Action item |
Begin at the line containing "Orb Knob with" in the data below and go on through the line containing "Board of Education Meeting Agenda", repeating each line exactly; include both ends and no other line.

Input records |
=== Begin Enclosure ===
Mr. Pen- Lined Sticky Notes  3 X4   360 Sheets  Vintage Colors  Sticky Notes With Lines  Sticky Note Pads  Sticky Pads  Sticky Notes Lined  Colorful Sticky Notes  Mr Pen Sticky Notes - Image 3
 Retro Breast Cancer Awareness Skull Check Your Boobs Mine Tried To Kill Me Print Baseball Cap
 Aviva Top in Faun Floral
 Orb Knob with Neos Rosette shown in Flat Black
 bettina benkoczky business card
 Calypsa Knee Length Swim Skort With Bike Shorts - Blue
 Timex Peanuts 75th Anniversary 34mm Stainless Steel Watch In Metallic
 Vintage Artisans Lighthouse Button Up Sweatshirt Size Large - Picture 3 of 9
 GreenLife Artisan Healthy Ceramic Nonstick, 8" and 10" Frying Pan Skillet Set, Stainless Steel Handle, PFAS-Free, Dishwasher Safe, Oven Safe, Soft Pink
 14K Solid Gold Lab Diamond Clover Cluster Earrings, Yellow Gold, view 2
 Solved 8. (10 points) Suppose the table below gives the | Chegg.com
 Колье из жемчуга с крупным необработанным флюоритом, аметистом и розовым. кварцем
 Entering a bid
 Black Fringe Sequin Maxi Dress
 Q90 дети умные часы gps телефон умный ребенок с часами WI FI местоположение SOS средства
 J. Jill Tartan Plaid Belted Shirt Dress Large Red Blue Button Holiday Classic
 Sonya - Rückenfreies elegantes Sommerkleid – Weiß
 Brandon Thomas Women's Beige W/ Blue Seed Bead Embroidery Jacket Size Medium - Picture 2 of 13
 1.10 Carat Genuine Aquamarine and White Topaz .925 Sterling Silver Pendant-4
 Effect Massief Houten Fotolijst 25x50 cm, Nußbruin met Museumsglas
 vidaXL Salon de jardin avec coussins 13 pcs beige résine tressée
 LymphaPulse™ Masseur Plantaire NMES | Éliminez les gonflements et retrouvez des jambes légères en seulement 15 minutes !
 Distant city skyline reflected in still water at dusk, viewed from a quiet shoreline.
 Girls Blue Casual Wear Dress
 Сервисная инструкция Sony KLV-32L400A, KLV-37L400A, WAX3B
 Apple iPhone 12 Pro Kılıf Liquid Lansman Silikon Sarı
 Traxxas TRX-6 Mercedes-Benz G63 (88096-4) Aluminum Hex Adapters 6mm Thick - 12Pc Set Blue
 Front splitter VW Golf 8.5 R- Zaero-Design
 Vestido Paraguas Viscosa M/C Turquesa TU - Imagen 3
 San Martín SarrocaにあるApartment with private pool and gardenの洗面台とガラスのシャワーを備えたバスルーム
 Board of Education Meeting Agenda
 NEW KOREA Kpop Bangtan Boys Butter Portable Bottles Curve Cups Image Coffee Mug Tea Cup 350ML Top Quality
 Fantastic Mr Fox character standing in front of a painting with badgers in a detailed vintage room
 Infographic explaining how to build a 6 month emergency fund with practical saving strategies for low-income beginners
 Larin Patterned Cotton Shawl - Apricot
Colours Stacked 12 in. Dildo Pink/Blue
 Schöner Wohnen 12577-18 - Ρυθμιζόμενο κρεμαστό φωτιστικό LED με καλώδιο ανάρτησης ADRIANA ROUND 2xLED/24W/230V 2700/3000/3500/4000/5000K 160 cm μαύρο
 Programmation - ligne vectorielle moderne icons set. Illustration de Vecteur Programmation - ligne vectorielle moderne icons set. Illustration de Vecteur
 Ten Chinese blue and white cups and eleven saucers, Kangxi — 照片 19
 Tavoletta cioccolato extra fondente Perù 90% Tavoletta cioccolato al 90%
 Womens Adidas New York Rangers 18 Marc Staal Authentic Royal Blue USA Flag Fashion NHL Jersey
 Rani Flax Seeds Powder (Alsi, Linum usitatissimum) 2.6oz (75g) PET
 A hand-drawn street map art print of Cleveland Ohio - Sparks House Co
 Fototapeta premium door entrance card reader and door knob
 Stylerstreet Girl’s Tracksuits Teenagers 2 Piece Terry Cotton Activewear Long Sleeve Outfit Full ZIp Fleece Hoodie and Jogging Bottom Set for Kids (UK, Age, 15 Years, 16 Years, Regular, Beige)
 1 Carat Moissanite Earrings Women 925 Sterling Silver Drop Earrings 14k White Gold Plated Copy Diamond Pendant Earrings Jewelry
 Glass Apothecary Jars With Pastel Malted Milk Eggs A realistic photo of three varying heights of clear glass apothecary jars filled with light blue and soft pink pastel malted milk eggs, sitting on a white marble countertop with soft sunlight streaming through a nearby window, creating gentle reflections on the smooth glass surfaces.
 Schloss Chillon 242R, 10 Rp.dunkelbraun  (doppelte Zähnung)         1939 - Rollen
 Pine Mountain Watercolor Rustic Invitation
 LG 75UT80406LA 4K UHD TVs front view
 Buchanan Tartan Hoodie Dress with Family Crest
=== End Enclosure ===
Solution to this task |
 Orb Knob with Neos Rosette shown in Flat Black
 bettina benkoczky business card
 Calypsa Knee Length Swim Skort With Bike Shorts - Blue
 Timex Peanuts 75th Anniversary 34mm Stainless Steel Watch In Metallic
 Vintage Artisans Lighthouse Button Up Sweatshirt Size Large - Picture 3 of 9
 GreenLife Artisan Healthy Ceramic Nonstick, 8" and 10" Frying Pan Skillet Set, Stainless Steel Handle, PFAS-Free, Dishwasher Safe, Oven Safe, Soft Pink
 14K Solid Gold Lab Diamond Clover Cluster Earrings, Yellow Gold, view 2
 Solved 8. (10 points) Suppose the table below gives the | Chegg.com
 Колье из жемчуга с крупным необработанным флюоритом, аметистом и розовым. кварцем
 Entering a bid
 Black Fringe Sequin Maxi Dress
 Q90 дети умные часы gps телефон умный ребенок с часами WI FI местоположение SOS средства
 J. Jill Tartan Plaid Belted Shirt Dress Large Red Blue Button Holiday Classic
 Sonya - Rückenfreies elegantes Sommerkleid – Weiß
 Brandon Thomas Women's Beige W/ Blue Seed Bead Embroidery Jacket Size Medium - Picture 2 of 13
 1.10 Carat Genuine Aquamarine and White Topaz .925 Sterling Silver Pendant-4
 Effect Massief Houten Fotolijst 25x50 cm, Nußbruin met Museumsglas
 vidaXL Salon de jardin avec coussins 13 pcs beige résine tressée
 LymphaPulse™ Masseur Plantaire NMES | Éliminez les gonflements et retrouvez des jambes légères en seulement 15 minutes !
 Distant city skyline reflected in still water at dusk, viewed from a quiet shoreline.
 Girls Blue Casual Wear Dress
 Сервисная инструкция Sony KLV-32L400A, KLV-37L400A, WAX3B
 Apple iPhone 12 Pro Kılıf Liquid Lansman Silikon Sarı
 Traxxas TRX-6 Mercedes-Benz G63 (88096-4) Aluminum Hex Adapters 6mm Thick - 12Pc Set Blue
 Front splitter VW Golf 8.5 R- Zaero-Design
 Vestido Paraguas Viscosa M/C Turquesa TU - Imagen 3
 San Martín SarrocaにあるApartment with private pool and gardenの洗面台とガラスのシャワーを備えたバスルーム
 Board of Education Meeting Agenda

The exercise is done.